Time here to mention the stellar playing on fiddle by Javier Chaparo, guitar from Bill Browder and pedal steel wizard Patterson Barrett, all three concocting a swinging and smooth country rock backing. Barrett gets behind the piano for a raucous delivery of Down, unrecognisable from its parent album as Koch comes across as feisty as Linda Gail Lewis. Closing the album (as on the original) with Johnny Cash’s I Still Miss Someone, Koch and the band sound superb, leaving one wishing that someday Ms. Koch might be able to bring such a line up over here. In the meantime, the album’s an essential addition to any Koch fan’s library.

Website

Hope In High Water. Bonfire & Pine. Fish Records

430_5d68ea4159895This second album from Hope In High Water (who amusingly describe their music as “Mountain music from the flatlands of Milton Keynes”) expands somewhat on the simpler guitar and banjo songs which populated their debut from a few years back. Josh Chandler Morris’s guitar and Carly Slade’s banjo are aided and abetted by Luke Yates on violin and percussion with Darren Camp on drums but the primary difference is that the pair have dug deeper into the well of American music. There’s more soul and grit in these grooves, not in an old fashioned R’n’B sense but picking up on vibes cast by the likes of The Band and old folk hands such as Karen Dalton.

The Band come to mind on the opening song, Healed, a song heralded by Morris singing, “Started to feel comfort in my own skin, it took a healthy dose of psilocybin” over a fine and syrupy rootsy rhythm which could have come from an album such as Cahoots. Slade then takes the driver’s seat on the banjo led It’s Over Now proving that she has some grand vocal chops which have a hint of Maria Muldaur to them. The song rolls along in fine style with its old time, almost music hall, sing-along chorus bound to be a live favourite, somewhat at odds with its subject matter which concerns surviving childhood abuse, meanwhile, an accordion allows the song to have a slight anglicised whiff to it in the manner of Richard Thompson.

While not wanting to set the pair to feuding, it’s Slade one looks forward to hearing as the album moves along.
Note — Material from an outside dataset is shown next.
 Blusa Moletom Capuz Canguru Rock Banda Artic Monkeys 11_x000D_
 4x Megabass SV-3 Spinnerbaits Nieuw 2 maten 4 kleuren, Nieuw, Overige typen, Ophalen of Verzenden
Morris has an attractive strained husk to his singing and the pair do fantastic harmonies as on the title song. However, Slade excels on several numbers. She returns to the subject of abuse on Stronger Than You Know, a much starker number than It’s Over Now, with her voice dredged from the depths while her plaintive banjo has the air of Greil Marcus’s old weird America. She gets weirder (in a good way) on the haunting Alone, a song which is worth the price of the ticket in itself as the band throw in some excellent dark folk stylings, while Something Unnamed has the unadorned simplicity which characterises the best of American folk music.  Overall, very nice.